In a way you're right that not voting doesn't approve the election results -- you haven't invested any of your self-ownership in it, so you haven't "bought into" it. But it doesn't disapprove them, either, because you've tacitly conceded that you're not interested; you haven't spent the only coin that counts in that realm. So while IC isn't entirely right here, he's a lot more right than you are.
So, to Senator Obama: there are a lot of us who consider him unfit for the job, yet consider McCain so vastly more unfit (I don't even like using that word of McC, since it has the root "fit" in it) that the circumstances under which we would vote for him are beyond reality. So, do we run ourselves up against the first OP question, and just sit it out?

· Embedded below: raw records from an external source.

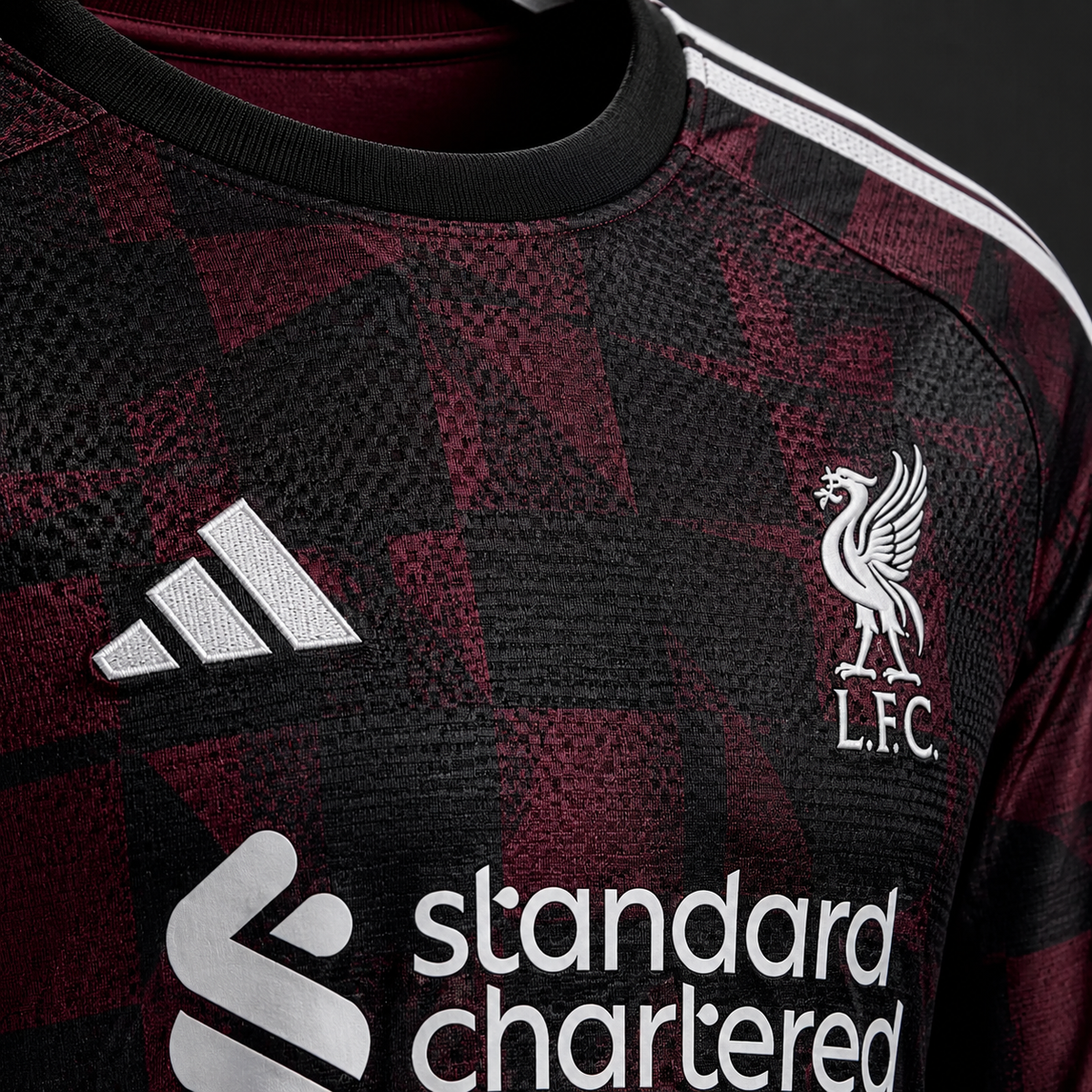 Gros plan du tissu, de l'écusson et des finitions du maillot Liverpool FC Third 2026-2027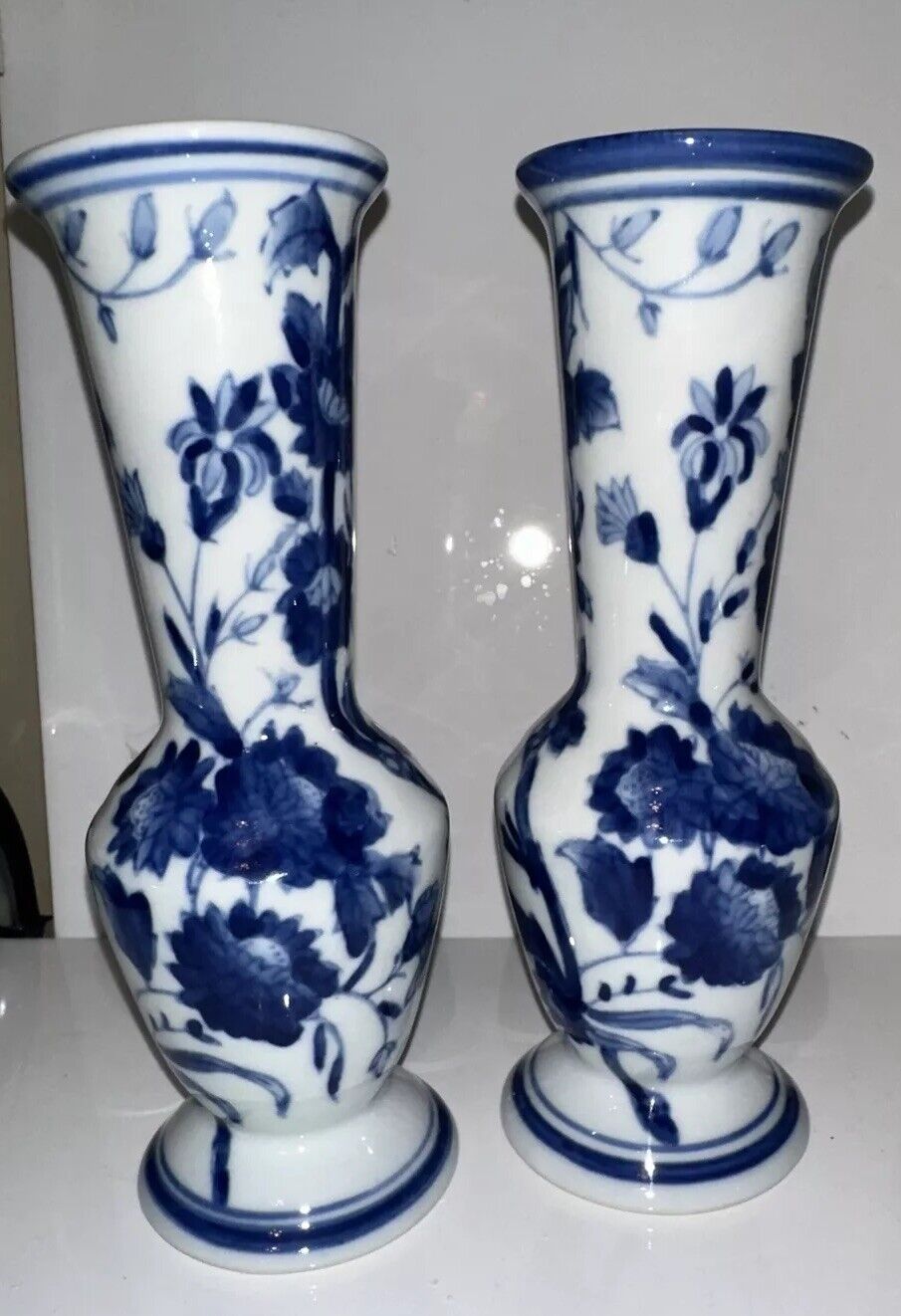 Vintage Chinoiserie Blue & White Porcelain Floral Vase 7”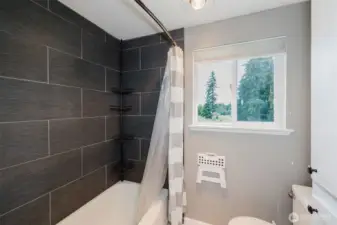 Full Bath-Shwr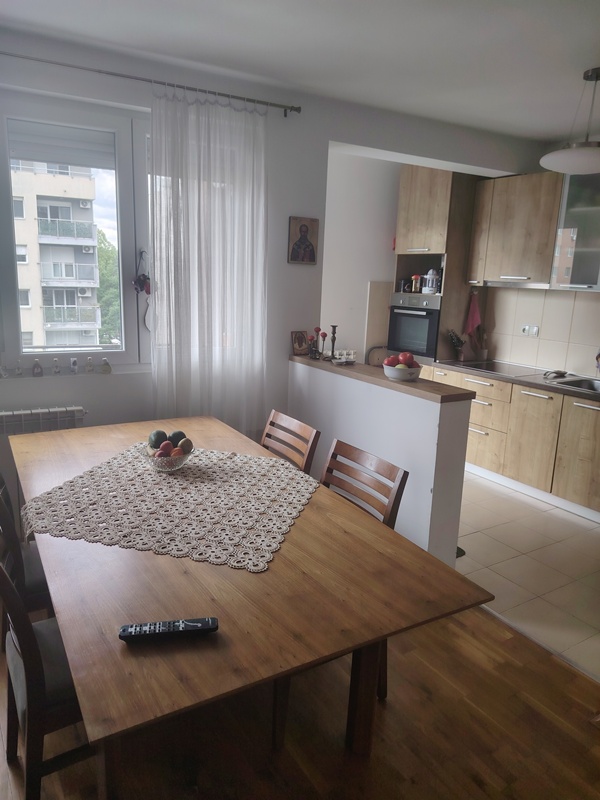 Stan na prodaju u Beogradu, Voždovac, trosoban, 83m2, cena 266000 evra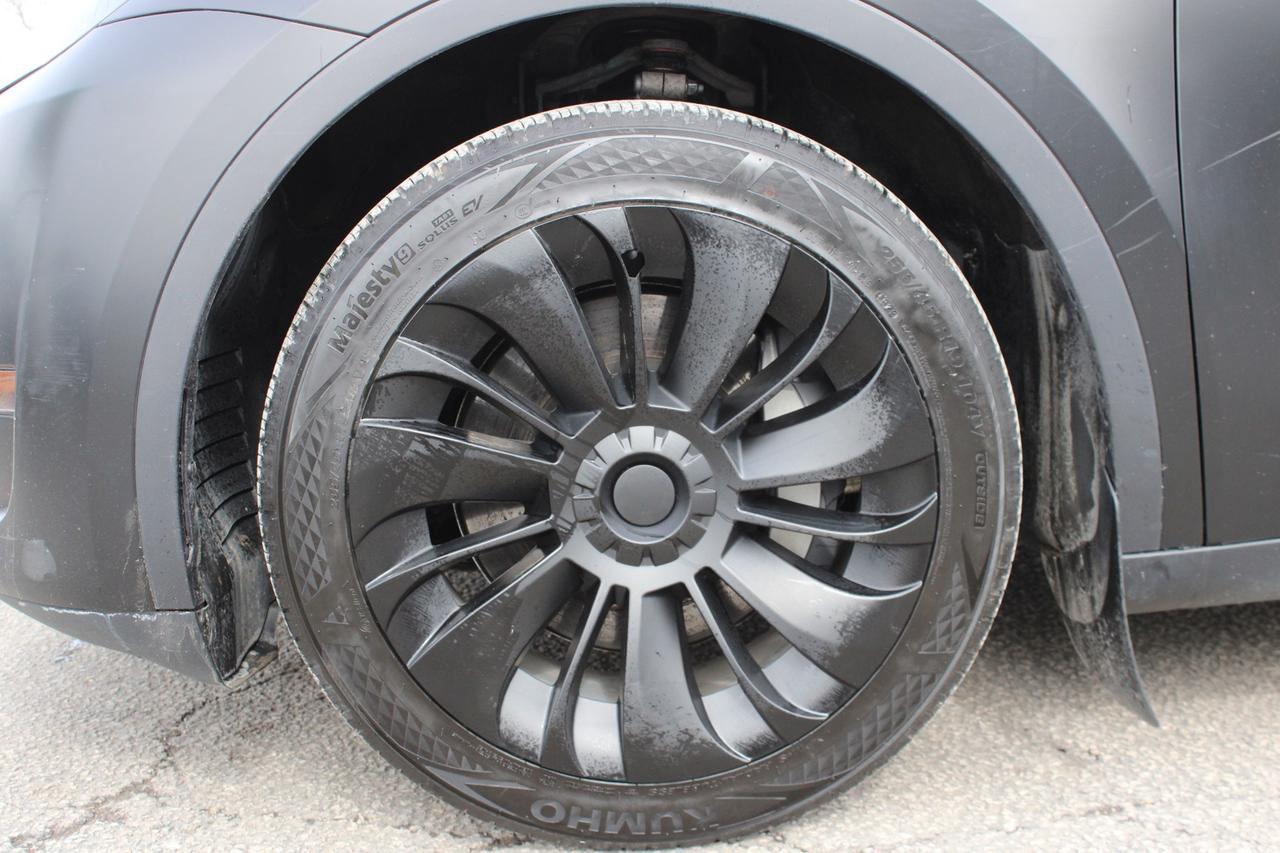 2023 Tesla Model Y No Accident   Clean Carfax   One Owner Photo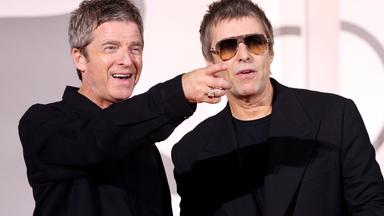 Italien, Venedig: Noel Gallagher und Liam Gallagher bei der Premiere des Dokumentarfilms "Oasis: Don't Look Back in Anger" auf der Biennale in Venedig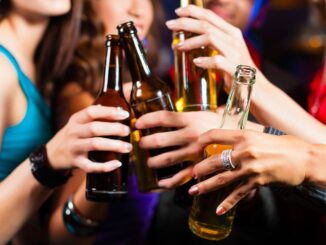 Niente alcol, bevande in vetro e lattina in Centro e Fotivegge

The only rational answer on a the range of levels I've discussed is "No way!" This is a game with a scoreboard, and nothing that doesn't get on the board is relevant in the least. No one looks anywhere but at the scoreboard, and so anything off it isn't even noticed. As you both managed to suggest, the only way to change the game is to change the scoreboard, and that means either getting another team into scoring position, or rewriting the board -- in practical terms, those boil down to getting another team into scoring position, becauswe without that, the two who've assigned themselves management of the board aren't going to entertain anything more than making it look prettier (something McCain has excelled in) or enduing it with greater dignity (something Barack attempts forcefully).
However much I laughed at it, that's why the inclusion of Nader at the end of those questions is fitting: If you don't like the dark-skinned Senator, there really are only two options on the board: you vote for McCain, or you vote for a candidate who in your view stands for more integrity than either of the two possess.